§ **WHAT THE TASK REQUIRES**:
Output only the lines from the start of the entries through the line holding "Maicazz zwarte dames t-shirt | Model". Each line must match the original exactly.

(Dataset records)
--------------------------------------------------

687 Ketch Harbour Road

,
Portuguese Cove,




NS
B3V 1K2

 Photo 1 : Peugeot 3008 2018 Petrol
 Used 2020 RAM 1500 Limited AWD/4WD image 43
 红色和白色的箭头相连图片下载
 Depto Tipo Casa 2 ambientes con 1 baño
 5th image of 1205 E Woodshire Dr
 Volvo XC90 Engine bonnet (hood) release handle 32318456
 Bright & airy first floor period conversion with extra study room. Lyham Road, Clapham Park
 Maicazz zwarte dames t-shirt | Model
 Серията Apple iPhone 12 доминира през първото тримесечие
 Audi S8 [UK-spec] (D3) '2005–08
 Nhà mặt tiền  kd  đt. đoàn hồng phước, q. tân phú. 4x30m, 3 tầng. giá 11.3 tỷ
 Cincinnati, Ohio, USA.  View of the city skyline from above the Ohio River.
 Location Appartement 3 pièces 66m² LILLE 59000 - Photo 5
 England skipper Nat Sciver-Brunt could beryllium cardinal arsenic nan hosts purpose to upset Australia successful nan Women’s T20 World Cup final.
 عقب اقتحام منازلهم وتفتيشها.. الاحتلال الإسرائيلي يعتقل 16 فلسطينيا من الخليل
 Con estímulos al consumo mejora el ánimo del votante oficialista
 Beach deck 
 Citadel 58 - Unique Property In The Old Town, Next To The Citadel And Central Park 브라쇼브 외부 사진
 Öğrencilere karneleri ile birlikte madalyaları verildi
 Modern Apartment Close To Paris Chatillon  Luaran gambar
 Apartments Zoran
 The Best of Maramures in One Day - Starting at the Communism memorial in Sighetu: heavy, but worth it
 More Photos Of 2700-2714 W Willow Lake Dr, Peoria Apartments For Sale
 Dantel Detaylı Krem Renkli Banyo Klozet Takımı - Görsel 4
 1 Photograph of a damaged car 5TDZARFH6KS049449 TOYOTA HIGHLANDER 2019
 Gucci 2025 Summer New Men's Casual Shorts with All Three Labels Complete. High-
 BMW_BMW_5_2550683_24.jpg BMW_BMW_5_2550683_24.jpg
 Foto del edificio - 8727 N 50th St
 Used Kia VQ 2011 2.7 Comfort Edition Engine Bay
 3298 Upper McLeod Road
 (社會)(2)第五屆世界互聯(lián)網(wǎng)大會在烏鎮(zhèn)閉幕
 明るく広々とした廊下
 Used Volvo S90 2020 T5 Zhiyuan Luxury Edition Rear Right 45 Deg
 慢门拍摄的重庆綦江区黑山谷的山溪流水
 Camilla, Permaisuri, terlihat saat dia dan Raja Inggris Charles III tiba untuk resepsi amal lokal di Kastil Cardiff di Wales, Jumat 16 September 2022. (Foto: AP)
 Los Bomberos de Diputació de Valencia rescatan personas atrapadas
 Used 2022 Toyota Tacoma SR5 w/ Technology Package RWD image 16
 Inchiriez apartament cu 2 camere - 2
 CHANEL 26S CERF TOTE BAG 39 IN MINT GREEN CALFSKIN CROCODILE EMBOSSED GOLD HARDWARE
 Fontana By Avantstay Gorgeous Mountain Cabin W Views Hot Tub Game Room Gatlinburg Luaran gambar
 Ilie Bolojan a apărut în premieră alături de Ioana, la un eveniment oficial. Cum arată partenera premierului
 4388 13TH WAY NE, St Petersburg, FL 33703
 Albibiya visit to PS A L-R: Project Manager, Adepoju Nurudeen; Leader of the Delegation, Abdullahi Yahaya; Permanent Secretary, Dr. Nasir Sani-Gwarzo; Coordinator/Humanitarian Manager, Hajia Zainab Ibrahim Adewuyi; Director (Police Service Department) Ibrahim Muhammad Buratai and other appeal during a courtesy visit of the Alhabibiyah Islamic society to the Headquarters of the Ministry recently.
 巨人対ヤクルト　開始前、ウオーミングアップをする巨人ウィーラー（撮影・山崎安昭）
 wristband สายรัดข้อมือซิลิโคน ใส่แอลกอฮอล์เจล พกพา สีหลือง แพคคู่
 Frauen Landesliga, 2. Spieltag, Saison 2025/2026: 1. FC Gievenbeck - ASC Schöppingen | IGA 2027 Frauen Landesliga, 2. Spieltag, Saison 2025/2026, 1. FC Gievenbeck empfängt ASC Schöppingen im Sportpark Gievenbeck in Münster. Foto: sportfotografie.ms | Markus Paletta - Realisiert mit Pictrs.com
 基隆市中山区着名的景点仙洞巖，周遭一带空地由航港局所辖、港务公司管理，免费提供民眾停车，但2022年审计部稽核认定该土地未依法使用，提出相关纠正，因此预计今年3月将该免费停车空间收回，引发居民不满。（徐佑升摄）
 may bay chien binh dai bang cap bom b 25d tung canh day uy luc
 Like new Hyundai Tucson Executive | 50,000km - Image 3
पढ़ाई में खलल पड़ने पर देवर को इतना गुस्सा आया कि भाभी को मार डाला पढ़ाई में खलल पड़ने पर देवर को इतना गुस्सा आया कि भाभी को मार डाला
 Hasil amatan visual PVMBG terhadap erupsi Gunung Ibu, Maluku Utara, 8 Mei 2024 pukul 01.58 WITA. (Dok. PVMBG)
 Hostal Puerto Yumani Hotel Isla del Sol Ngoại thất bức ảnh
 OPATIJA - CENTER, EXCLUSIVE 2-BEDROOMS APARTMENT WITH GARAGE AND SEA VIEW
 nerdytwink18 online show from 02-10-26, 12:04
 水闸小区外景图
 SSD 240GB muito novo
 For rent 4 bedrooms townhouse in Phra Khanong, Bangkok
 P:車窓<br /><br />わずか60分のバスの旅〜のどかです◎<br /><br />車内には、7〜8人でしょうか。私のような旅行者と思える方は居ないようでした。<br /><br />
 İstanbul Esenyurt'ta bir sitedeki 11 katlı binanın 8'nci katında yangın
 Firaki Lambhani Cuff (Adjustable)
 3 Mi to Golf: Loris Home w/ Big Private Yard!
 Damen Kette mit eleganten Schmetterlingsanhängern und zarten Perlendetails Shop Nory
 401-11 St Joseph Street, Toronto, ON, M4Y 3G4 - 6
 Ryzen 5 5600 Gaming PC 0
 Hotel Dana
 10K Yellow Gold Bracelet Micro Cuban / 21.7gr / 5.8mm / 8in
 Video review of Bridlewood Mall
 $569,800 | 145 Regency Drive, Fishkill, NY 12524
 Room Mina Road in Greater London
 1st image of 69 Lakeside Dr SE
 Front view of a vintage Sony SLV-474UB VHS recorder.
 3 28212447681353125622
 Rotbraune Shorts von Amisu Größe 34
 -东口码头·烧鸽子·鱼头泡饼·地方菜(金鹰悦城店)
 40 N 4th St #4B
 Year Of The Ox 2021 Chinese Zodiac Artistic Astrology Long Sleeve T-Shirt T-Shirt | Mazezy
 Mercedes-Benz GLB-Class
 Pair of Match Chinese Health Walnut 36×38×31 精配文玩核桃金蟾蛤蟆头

--------------------------------------------------

§ **TASK OUTPUT**:
687 Ketch Harbour Road

,
Portuguese Cove,




NS
B3V 1K2

 Photo 1 : Peugeot 3008 2018 Petrol
 Used 2020 RAM 1500 Limited AWD/4WD image 43
 红色和白色的箭头相连图片下载
 Depto Tipo Casa 2 ambientes con 1 baño
 5th image of 1205 E Woodshire Dr
 Volvo XC90 Engine bonnet (hood) release handle 32318456
 Bright & airy first floor period conversion with extra study room. Lyham Road, Clapham Park
 Maicazz zwarte dames t-shirt | Model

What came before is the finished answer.